La prima norma citata, difatti, prevede una rigida normativa che stabilisce una distanza di almeno tre metri dal fondo contiguo per una nuova costruzione, mentre l'art. 1102 del Codice Civile afferma al primo comma che “ciascun partecipante può servirsi della cosa comune, purché non ne alteri la destinazione e non impedisca agli altri partecipanti di farne parimenti uso secondo il loro diritto”.
Il Tribunale, in primo grado, rigettava la domanda proposta, ma la Corte d'Appello ribaltava l'esito del giudizio dichiarando tenuto il convenuto alla riduzione in pristino della struttura, rilevando come nel caso in questione dovesse trovare applicazione la normativa sulle distanze di cui all'articolo 907 del Codice Civile.
Sebbene ci si trovasse in un contesto condominiale, continuava il giudice d'appello, non appariva pertinente il richiamo all'art. 1102 C.c. dato che la costruzione non era avvenuta sul suolo condominiale, ma su proprietà esclusiva della parte convenuta.
Il convenutodepositava allora un ricorso per Cassazione fondato su quattro motivi di diritto.
In prima battuta il ricorrente lamentava come la controparte avesse rilevato solo in sede di appello l'inapplicabilità alla fattispecie dell'art. 1102 C.c., limitandosi a censurare la violazione dell'art. 907 C.c. in primo grado.
Tale motivo veniva rigettato in quanto la Cassazione sosteneva come la prospettazione dei fatti da parte dell'attore fosse stata costante nel corso del giudizio e che dalla citata violazione dell'art. 907 C.c. dovesse, per converso, ricavarsi l'inapplicabilità dei principi sull'uso della cosa comune contenuti nell'art. 1102 C.c.
Con ilsecondo motivo il ricorrente denunciava una asserita falsa applicazione degli articoli 907 e 1102 del Codice Civile.
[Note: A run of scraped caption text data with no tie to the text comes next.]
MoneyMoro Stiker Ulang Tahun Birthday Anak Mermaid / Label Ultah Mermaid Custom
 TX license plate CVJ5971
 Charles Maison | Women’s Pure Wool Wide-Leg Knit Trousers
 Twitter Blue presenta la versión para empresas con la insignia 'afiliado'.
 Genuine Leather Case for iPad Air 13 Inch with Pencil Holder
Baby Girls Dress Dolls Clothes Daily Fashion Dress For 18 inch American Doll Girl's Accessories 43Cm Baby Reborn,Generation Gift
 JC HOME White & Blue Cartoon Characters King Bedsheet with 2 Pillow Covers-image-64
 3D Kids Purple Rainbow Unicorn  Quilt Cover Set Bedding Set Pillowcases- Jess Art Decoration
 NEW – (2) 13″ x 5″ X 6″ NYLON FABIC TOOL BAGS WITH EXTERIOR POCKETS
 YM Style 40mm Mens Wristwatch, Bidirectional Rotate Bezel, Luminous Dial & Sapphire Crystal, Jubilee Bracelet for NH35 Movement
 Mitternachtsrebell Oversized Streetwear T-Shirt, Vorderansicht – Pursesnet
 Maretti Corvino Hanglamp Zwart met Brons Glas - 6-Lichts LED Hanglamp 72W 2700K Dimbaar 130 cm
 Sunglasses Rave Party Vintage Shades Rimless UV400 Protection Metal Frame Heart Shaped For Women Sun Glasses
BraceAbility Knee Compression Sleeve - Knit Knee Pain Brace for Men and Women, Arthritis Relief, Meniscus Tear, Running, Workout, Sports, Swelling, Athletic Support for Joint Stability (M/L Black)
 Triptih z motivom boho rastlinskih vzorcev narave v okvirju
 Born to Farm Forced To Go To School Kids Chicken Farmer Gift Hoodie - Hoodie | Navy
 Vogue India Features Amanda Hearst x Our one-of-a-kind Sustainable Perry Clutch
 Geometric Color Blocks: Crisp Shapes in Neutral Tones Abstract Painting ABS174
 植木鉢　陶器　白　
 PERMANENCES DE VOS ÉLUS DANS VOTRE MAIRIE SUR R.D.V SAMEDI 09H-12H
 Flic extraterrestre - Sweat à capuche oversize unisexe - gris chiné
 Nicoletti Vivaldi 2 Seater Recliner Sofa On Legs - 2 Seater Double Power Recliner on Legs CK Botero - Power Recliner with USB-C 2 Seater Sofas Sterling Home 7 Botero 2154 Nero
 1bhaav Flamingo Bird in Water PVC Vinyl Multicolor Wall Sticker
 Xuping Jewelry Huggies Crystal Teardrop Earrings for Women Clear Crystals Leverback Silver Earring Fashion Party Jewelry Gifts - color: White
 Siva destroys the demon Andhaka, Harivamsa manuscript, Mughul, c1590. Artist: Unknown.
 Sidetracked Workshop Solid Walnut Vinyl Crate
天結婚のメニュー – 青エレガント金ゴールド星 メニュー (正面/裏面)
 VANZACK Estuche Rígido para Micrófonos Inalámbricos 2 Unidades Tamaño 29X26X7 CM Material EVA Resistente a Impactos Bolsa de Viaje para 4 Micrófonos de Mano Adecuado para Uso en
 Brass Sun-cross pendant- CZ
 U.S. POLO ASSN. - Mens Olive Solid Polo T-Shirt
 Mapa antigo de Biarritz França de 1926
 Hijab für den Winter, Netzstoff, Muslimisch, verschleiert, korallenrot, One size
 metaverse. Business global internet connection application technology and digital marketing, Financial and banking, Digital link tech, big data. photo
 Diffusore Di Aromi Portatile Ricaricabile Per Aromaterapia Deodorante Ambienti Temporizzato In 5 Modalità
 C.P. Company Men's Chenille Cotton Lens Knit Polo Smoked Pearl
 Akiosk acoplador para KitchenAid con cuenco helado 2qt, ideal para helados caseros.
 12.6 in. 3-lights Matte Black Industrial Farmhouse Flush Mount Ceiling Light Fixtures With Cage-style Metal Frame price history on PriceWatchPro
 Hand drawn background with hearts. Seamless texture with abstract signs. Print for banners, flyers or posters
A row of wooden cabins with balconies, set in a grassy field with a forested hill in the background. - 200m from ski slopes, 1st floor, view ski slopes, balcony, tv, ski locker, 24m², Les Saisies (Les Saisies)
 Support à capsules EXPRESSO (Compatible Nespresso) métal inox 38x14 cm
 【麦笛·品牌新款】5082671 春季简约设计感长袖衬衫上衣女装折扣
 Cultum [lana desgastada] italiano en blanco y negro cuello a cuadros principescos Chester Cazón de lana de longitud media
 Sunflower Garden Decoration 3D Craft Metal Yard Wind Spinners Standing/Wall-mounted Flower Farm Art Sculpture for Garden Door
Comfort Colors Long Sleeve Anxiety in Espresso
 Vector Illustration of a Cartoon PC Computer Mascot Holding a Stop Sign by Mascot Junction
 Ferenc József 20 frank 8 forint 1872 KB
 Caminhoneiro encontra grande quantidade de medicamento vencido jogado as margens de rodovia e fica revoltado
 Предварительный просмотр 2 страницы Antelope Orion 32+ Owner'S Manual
Secondo la parte, difatti, data la collocazione degli immobili oggetto di causa in un condominio, ai fini della decisione sarebbe dovuta prevalere l'applicazione dell'art. 1102 C.c. in ottica di contemperamento tra esigenze contrapposte e volta ad ottenere un maggiore godimento della cosa comune.
Il secondo motivo veniva parimenti considerato infondato.
Secondo gli Ermellini, difatti, «sebbene le due unità immobiliari dei contendenti siano ubicate in un condominio, il manufatto di cui si denuncia l'illegittimità è stato posto non su di un'area comune, ma a copertura di un'area scoperta annessa alla proprietà esclusiva del ricorrente e a sua volta appartenente a quest'ultimo in regime di proprietà esclusiva».
La questione in oggetto, quindi, non atteneva a questioni di uso più intenso del bene condominiali, ma a un conflitto tra diritti di due diverse proprietà esclusive.
In applicazione della giurisprudenza della Cassazione (in particolare della sentenza n. 955/2013) si affermava come il proprietario di un singolo piano in un condominio abbia il diritto di veduta dalle proprie aperture a piombo fino alla base dell'edificio e la possibilità, di conseguenza, di opporsi alla costruzione innalzata dal condomino sito al piano terra (nella fattispecie di un pergolato nel proprio giardino privato posto alla base dell'edificio).
Con il rigetto dei restanti due motivi (attinenti alla quantificazione del risarcimento spettante all'attore e al rimborso delle spese giudiziali) la Cassazione respingeva integralmente il ricorso e condannava la parte proponente a sostenere le spese della causa.